キングカメハメハだけが持っていたスペシャル感の正体は何だったのだろう。
キングカメハメハは「持ち込み馬」だった。母マンファスは、米国キーンランドのノベンバーセールでノーザンファームの吉田勝已代表によって購入され、キングマンボの仔を受胎して輸入された。そうして2001年3月20日に生まれたのがキングカメハメハだった。
その年のセレクトセール当歳で、下見の段階から「芯の強いものを感じた」という金子真人オーナーにより7800万円(税別)で落札された。セールでは10番目に高い落札額だった。
育成馬時代も目立った動きはしていなかったらしく、いわゆる「評判馬」ではなかった。
にもかかわらず、管理者となった松田国英調教師は、入厩してその姿を見るや、すぐオーナーに「この馬は走ります」と報告したという。
実際に調教をしてみると、坂路ではあまり時計が出なかった。そこで、芝コースで最後だけ伸ばす調教をしたところ素晴らしい走りをし、松田調教師は自身の見方が正しかったことを再認識した。
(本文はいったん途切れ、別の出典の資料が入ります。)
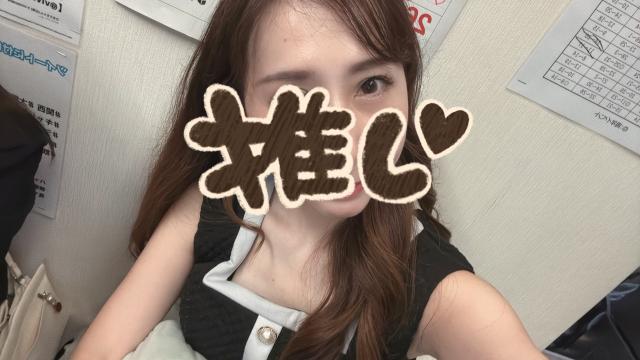 さゆり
デビュー戦は、03年11月16日、京都芝外回り1800㍍の2歳新馬戦。
スタート後、安藤勝己騎手(当時、以下同)に軽く促され、道中は6番手。直線入口で他馬に前をカットされたが動じることなく、鞍上の鞭に応えて半馬身差の勝利をおさめた。
2戦目は翌月、12月13日、阪神芝内回り2000㍍のエリカ賞。武豊騎手を背に、前走同様好位につけた。3コーナーから鞍上の手が動き、直線でスパートする。ラスト200㍍地点で手前を右に戻すなど、ギクシャクしたところもあったが、ここもきっちり半馬身差で勝ち切った。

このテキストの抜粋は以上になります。